Cameroon Diaries, Part 1: Window Seat
It would be both trite and stylistically derivative in the extreme to remark how airplanes have altered the landscape of travel, how the gradations of gradual orientation long ago dissipated into the ether of contrails. Travel is disorienting enough without, as but one random example, waking up in a snowstorm and sub-zero temperatures in the Colorado High Country and bedding down while swatting malaria-carrying mosquitoes in the lowlands of Brazil. But in a travel world defined by trips rather than journeys, by vacations rather than expeditions, by long weekends rather than pilgrimages, it has almost become passé to ponder the implications and ramifications of bypassing transitional waylays while sipping $6 beers at 36,000 feet.
Still, it might have value to mull for a moment that which we pass over at least as much as we contemplate origins and destinations and the oppositional connections between the two. I have spent enough time with my nose buried in atlases of the world that I pretty much have the planet memorized. Even before the beverage tray had arrived at our side, I knew our flight from Brussels to Douala, Cameroon, would take us over the Alps, over the Mediterranean, over the Sahara and finally into the heart of the Congo Basin.

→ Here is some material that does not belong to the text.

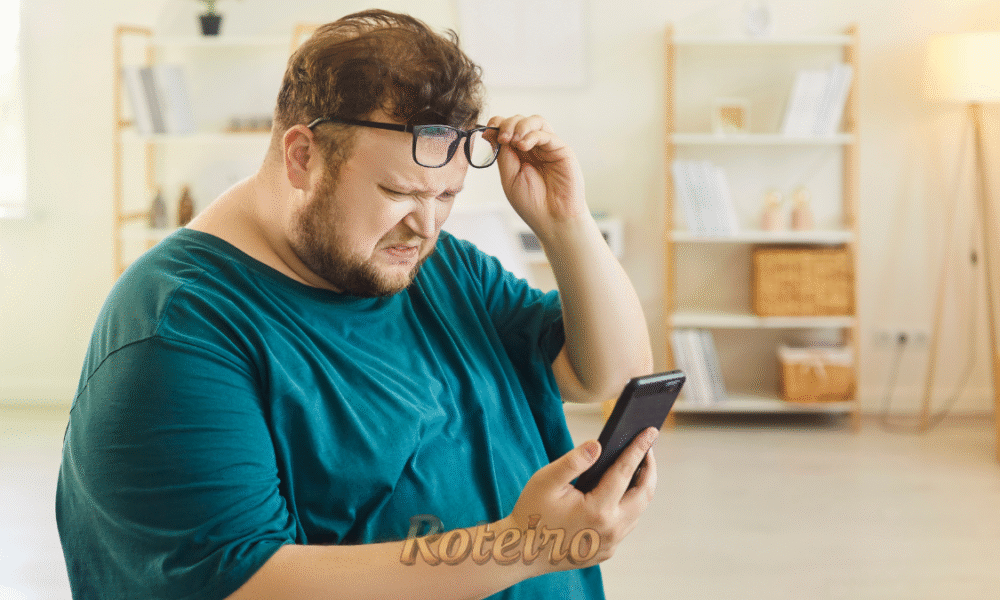 Homem obeso olha para a tela do celular com expressão de dúvida e estranhamento. Foto de capa para matéria sobre os cuidados no Dia Mundial da Obesidade.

Peering out the small window, I mentally laid out a surface map of Planet Earth, and, try though I might, I could not recreate a reasonable aerial route that passed over such historically important and geographically superlative terrain. The Alps are one of the most noteworthy mountain ranges in the world, especially if you overlay history with topography. The Mediterranean forms the saltwater soul of that which we now, for better or worse, call Western Civilization. The Sahara is the only desert whose name is synonymous with aridity so expansive it cannot be fully fathomed. And the Congo Basin stirs the heart of darkness in a way that no other tropical rainforest — not even the Amazon — does.

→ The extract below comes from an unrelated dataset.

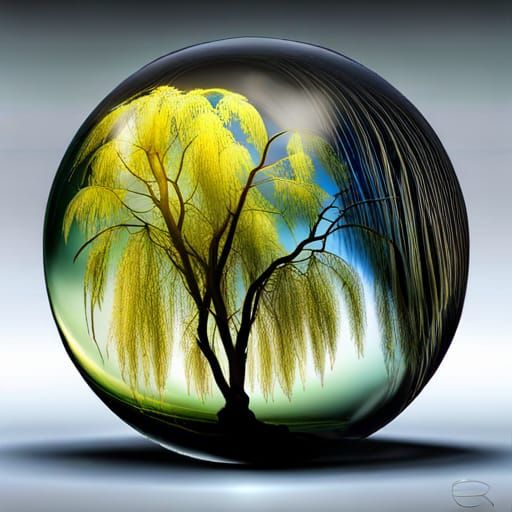 Weeping Willow in Bubble: Hyperrealistic Lyrical Abstraction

It took six-and-a-half hours to fly from the lowland civility of Belgium across the snow-covered summits of the Alps, across Mediterranean waters so deep blue I had to open and lay out my mental Thesaurus next to my mental world atlas in hopes of finding appropriate descriptive alternatives — azure? cobalt? sapphire? indigo? — across Saharan scenes of splendid desolation so severe and extensive that it made my lips shrivel and my tongue swell and parch, until, finally, across and into the living green monster, where dwell gorillas and pygmies.

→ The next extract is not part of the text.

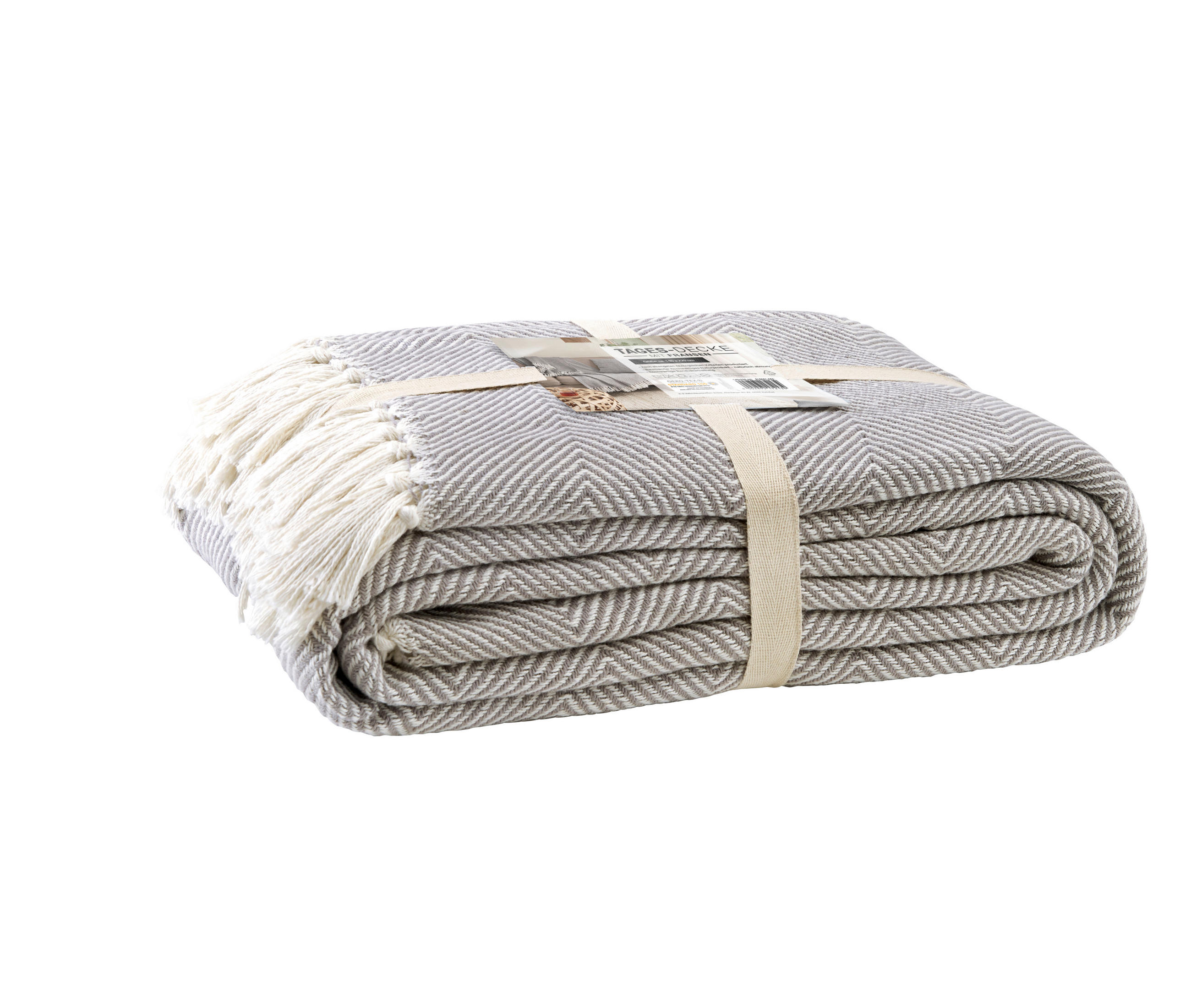 TAGESDECKE  - Taupe, Basics, Textil (220/250cm)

At the time, I was unable to find upon my mental atlas another reasonable six-and-a-half-hour flight route that could match that stratospheric traverse. You might be able to go from the Gobi across the Himalayas to the Mouths of the Ganges, but what airports would you connect? You might be able to leave the Amazon Basin to fly across the Andes. But, again, where would you be coming from and where would you be going? Maybe from Anchorage across the vast Pacific to Hawaii. Maybe from Melbourne to Port Moresby. Maybe those routes, those origins and destinations would come close to equaling a single-leap half-day flight over the Alps, over the Mediterranean, over the Sahara, over and into the Congo Basin. Maybe. And maybe there are others I am not thinking of. Maybe not.
What is not maybe is: This morning I was sipping coffee in the cultured heart of northern Europe. Tomorrow, I will be searching for lions in the rich bleakness of the sub-Saharan Sahel among colorfully attired tribesmen carrying water buckets atop their heads five miles through the heat to their mud huts.
There are times when I lament what airplanes have done to travel. This is not one of those times.